It's also had to cut its engineering workforce at Fishermans Bend and has just announced 1400 redundancies after cancelling the third shift at its assembly plant in Adelaide.
It is almost certain to lose its overseas business for the Pontiac GTO, has been forced to cut-price compact cars from South Korea, and has yet to get anything but the VE Commodore sedan approved for sales beyond 2006.

Even the once-unbeatable Holden Racing Team has taken a kicking.

It looks bleak, and some people even joked a fortnight ago that the fire at its engine factory in Melbourne was a self-inflicted wound.

The man who has the blowtorch on his belly is Denny Mooney, the American executive who sits in the big office at GM Holden's shiny new headquarters.






He followed the charismatic Peter Hanenberger into the top job at Holden after the turbocharged German engineer drove the company through its biggest growth period in recent history.

Everything looked good when Hanenberger retired, but now Mooney is steering a troubled ship and plugging leaks.

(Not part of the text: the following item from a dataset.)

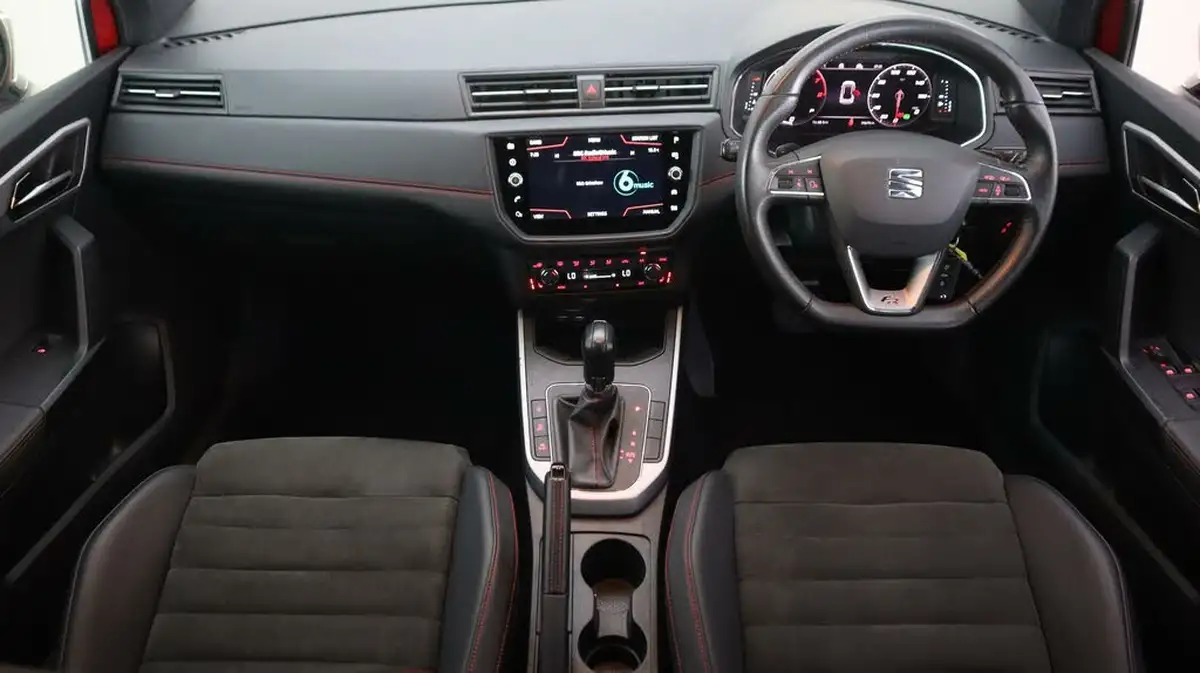2020-seat-arona-10-tsi-fr-sport-115ps-dsg-big-13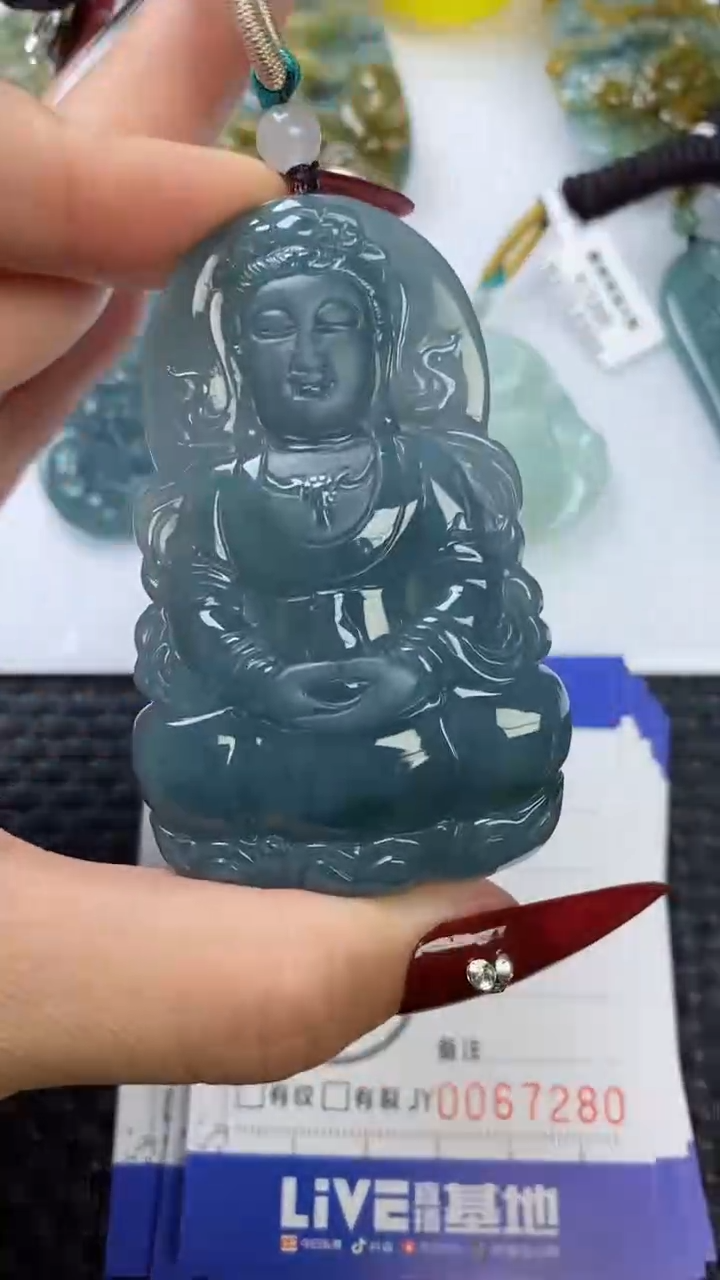 【闪购商品】翡翠颈饰未镶嵌1111111111111111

But the 59-year-old engineer refuses to get bogged down or deflated, even when faced with tough questions this week.

How are things at Holden?

Things are pretty difficult right now.

Anytime you make an announcement like we made on the third shift is difficult for everybody. Not just the people at the plant and their families. Everyone wonders what's going on in the business and the future of the business.

It's not unlike what's going on in the auto business worldwide. I tell people that if they don't like cars and you don't like competition, they might not want to be in the auto business.

Is it a crisis?

No, no, it's not a crisis.

It's something we need to do. I call it "right sizing" the business.

The reality is that a two-shift operation in Adelaide is much more appropriate for our demand. I would much rather be capacity constrained than build too many cars.

Our product development operation is strong and has lots of work into the future. We are working on lots of new concepts in vehicles, so we still have a lot of work on our platter.

Even though times are tight, we're still making money.